## WHAT YOU SHOULD DO
Would you repeat word for word the lines of the listing that follows, from the one with "ขายที่ดินติดน้ำติดคลอง 4 ไร่" up to and including the one with "La chiamano l’AMAZZONIA", and leave out the images?

## AVAILABLE DATA
'''

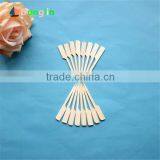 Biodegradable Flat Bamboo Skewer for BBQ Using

'''
'''

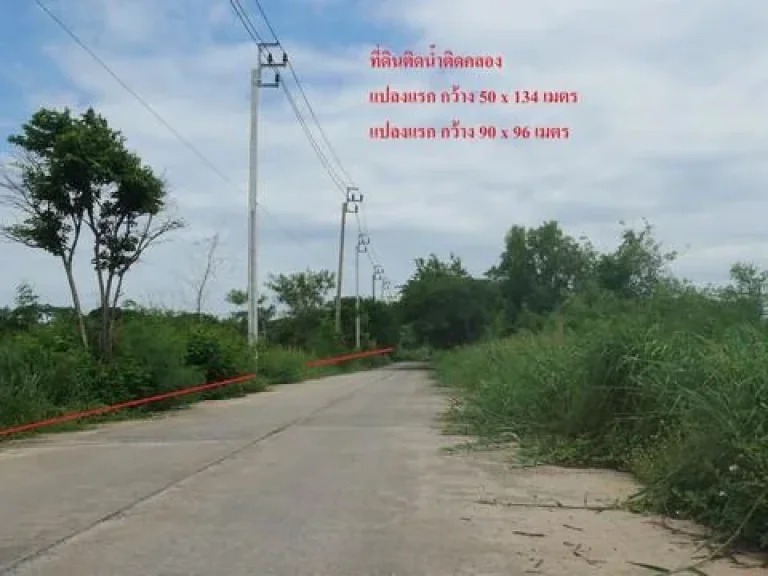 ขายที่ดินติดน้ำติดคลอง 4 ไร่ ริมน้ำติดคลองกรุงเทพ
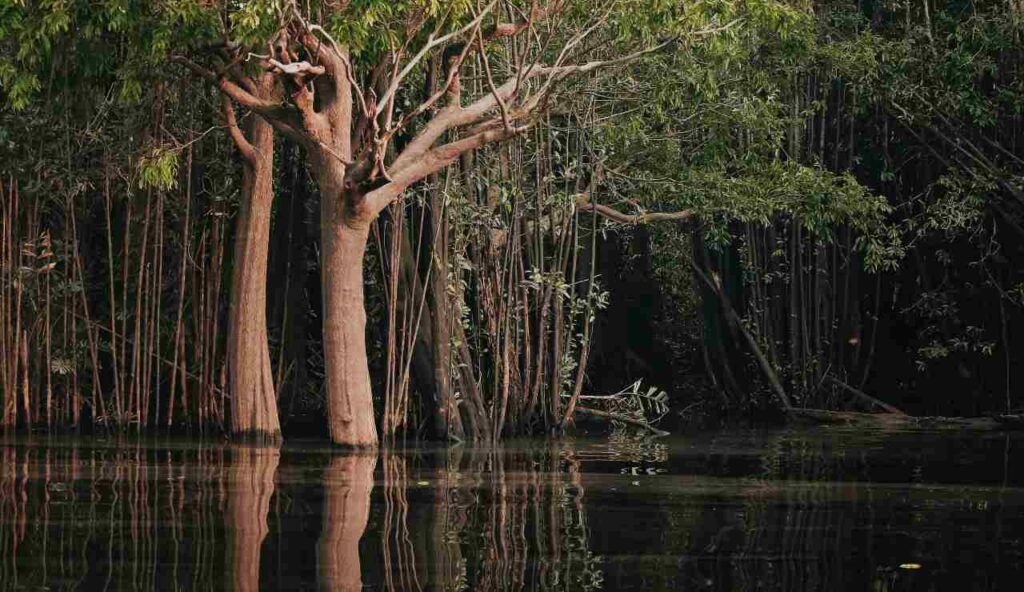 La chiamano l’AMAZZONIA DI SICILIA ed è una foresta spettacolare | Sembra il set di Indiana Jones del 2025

'''
'''

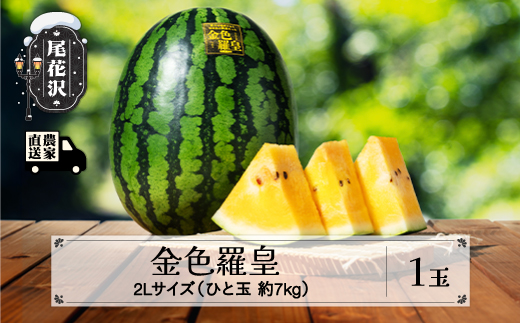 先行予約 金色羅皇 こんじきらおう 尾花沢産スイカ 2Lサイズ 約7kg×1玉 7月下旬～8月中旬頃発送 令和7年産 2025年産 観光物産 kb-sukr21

'''

## RESPONSE BELOW
 ขายที่ดินติดน้ำติดคลอง 4 ไร่ ริมน้ำติดคลองกรุงเทพ
 La chiamano l’AMAZZONIA DI SICILIA ed è una foresta spettacolare | Sembra il set di Indiana Jones del 2025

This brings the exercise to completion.